Below this line is a listing that includes pictures. Copy exactly, and only, the lines from the one containing "Used 2024 Chrysler" through the one containing "2-storey Terraced House"; the pictures do not go in the copy.

[MATERIAL FOR THIS EXERCISE]

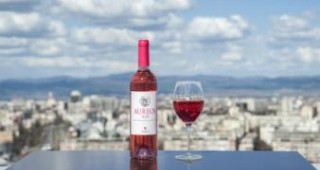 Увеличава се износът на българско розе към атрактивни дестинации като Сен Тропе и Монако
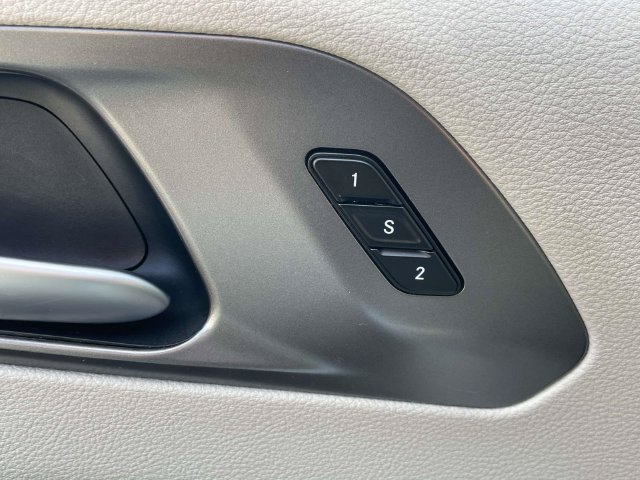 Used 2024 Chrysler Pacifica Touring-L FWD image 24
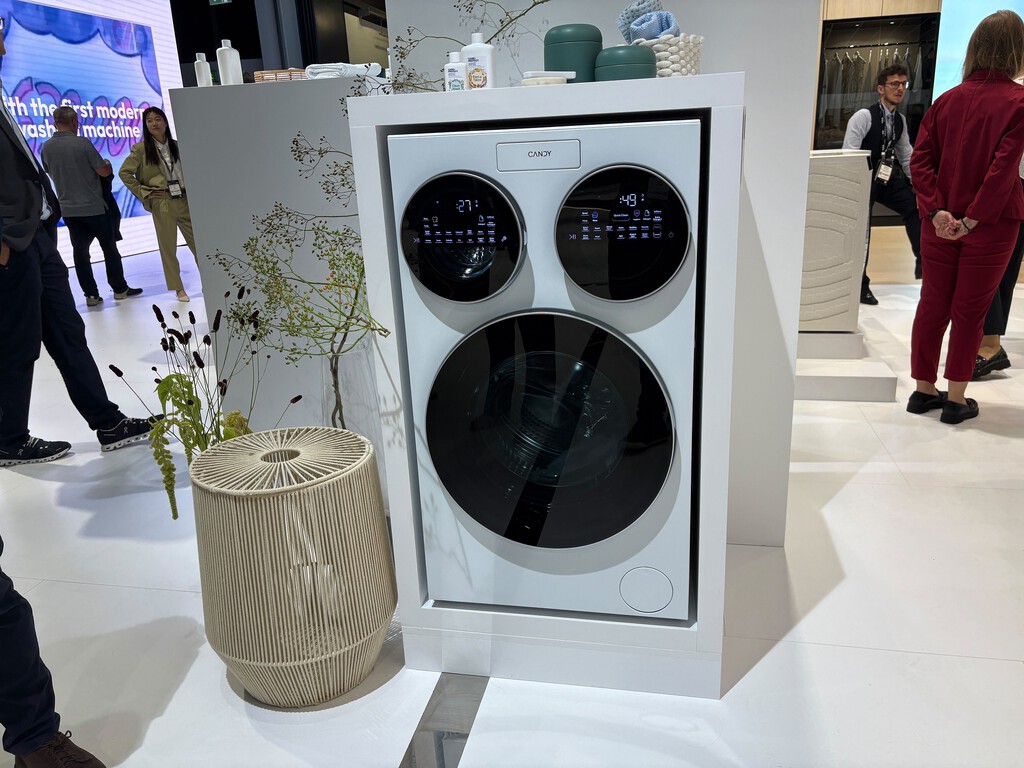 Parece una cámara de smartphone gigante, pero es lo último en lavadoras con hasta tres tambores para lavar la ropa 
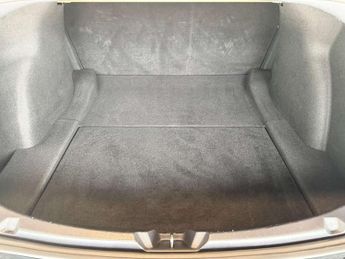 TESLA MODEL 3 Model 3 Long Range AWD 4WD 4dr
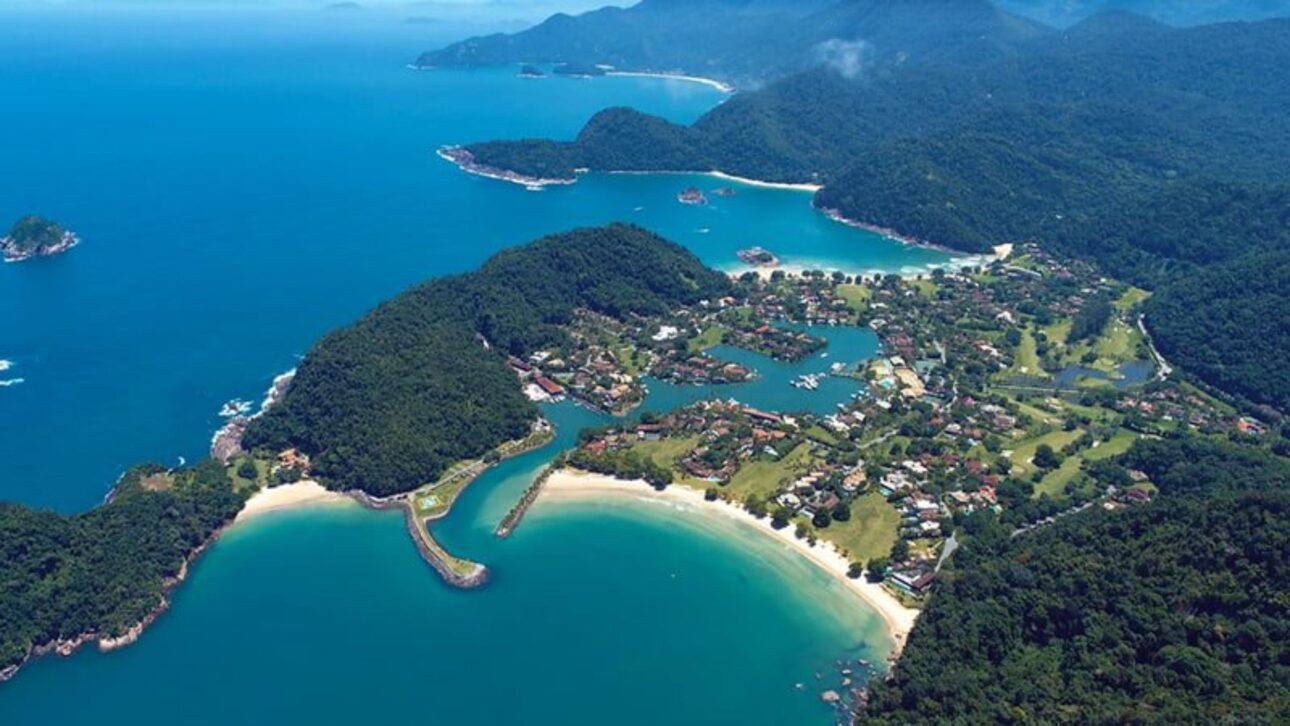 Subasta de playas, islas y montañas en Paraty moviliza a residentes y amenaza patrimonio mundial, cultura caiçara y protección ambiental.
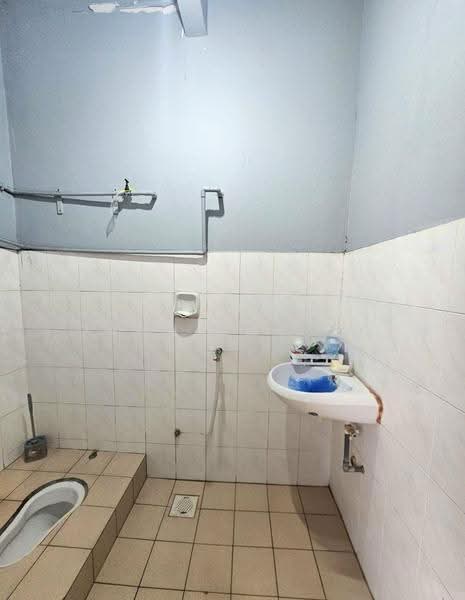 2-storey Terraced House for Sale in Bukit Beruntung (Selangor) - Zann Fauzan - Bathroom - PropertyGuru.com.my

[/MATERIAL FOR THIS EXERCISE]
[MATERIAL FOR THIS EXERCISE]

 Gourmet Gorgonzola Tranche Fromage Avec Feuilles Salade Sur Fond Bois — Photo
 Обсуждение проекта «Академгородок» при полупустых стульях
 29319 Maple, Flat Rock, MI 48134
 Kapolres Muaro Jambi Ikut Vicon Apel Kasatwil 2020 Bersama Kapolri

[/MATERIAL FOR THIS EXERCISE]

◆ **SOLUTION BELOW**:
 Used 2024 Chrysler Pacifica Touring-L FWD image 24
 Parece una cámara de smartphone gigante, pero es lo último en lavadoras con hasta tres tambores para lavar la ropa 
 TESLA MODEL 3 Model 3 Long Range AWD 4WD 4dr
 Subasta de playas, islas y montañas en Paraty moviliza a residentes y amenaza patrimonio mundial, cultura caiçara y protección ambiental.
 2-storey Terraced House for Sale in Bukit Beruntung (Selangor) - Zann Fauzan - Bathroom - PropertyGuru.com.my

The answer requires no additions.